- 32 OREO Cookies, divided
- 1 pkg. (18 to 20 oz.) fudge brownie mix (13×9-inch pan size) 1 cup creamy peanut butter
- 1/2 cup butter, softened
- 1-1/2 cups powdered sugar
- 1 cup miniature marshmallows
- 1/4 cup lightly salted peanuts, coarsely chopped
- Heat oven to 350°F.
- Line 13×9-inch pan with foil, with ends of foil extending over sides. Spray with cooking spray.
- Place 24 cookies, in 6 rows of 4 cookies each, on the bottom of the prepared pan. Chop remaining cookies; reserve for later use.
- Prepare brownie batter as directed on package; pour over cookies in the pan, completely covering cookies.

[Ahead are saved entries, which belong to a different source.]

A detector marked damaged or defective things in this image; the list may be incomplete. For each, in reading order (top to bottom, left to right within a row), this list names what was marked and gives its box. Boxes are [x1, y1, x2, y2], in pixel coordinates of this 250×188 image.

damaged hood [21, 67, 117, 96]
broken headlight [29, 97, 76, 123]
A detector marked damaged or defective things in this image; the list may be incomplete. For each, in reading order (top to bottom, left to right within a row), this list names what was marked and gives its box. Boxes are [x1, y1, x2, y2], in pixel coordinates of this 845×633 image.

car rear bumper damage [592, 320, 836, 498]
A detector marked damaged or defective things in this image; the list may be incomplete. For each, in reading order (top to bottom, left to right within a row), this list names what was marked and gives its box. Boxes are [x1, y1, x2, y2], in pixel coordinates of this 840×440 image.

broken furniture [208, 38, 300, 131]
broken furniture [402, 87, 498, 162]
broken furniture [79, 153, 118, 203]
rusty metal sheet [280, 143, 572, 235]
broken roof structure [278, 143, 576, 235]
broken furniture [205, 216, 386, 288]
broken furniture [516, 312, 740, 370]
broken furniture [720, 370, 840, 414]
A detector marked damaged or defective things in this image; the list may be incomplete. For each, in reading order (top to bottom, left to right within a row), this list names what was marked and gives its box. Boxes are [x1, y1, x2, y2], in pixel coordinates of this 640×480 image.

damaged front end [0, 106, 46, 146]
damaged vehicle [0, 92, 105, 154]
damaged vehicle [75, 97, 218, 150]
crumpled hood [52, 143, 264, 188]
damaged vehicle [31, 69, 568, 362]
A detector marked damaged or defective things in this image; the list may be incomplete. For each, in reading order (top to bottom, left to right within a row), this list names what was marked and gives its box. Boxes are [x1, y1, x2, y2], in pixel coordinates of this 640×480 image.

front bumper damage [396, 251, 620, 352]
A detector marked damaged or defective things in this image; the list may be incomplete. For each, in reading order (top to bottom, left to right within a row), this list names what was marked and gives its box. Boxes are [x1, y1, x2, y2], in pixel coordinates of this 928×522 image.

- Bake 25 to 30 min. or until a toothpick inserted in the center comes out with fudgy crumbs. (Do not overbake.)
- Cool completely.
- Beat peanut butter and butter in a large bowl with a mixer until blended. Gradually beat in sugar; spread over brownie. Top with marshmallows, nuts, and reserved chopped cookies.
- Refrigerate for 1 hour.
- Use foil handles to remove brownie from the pan before cutting into bars.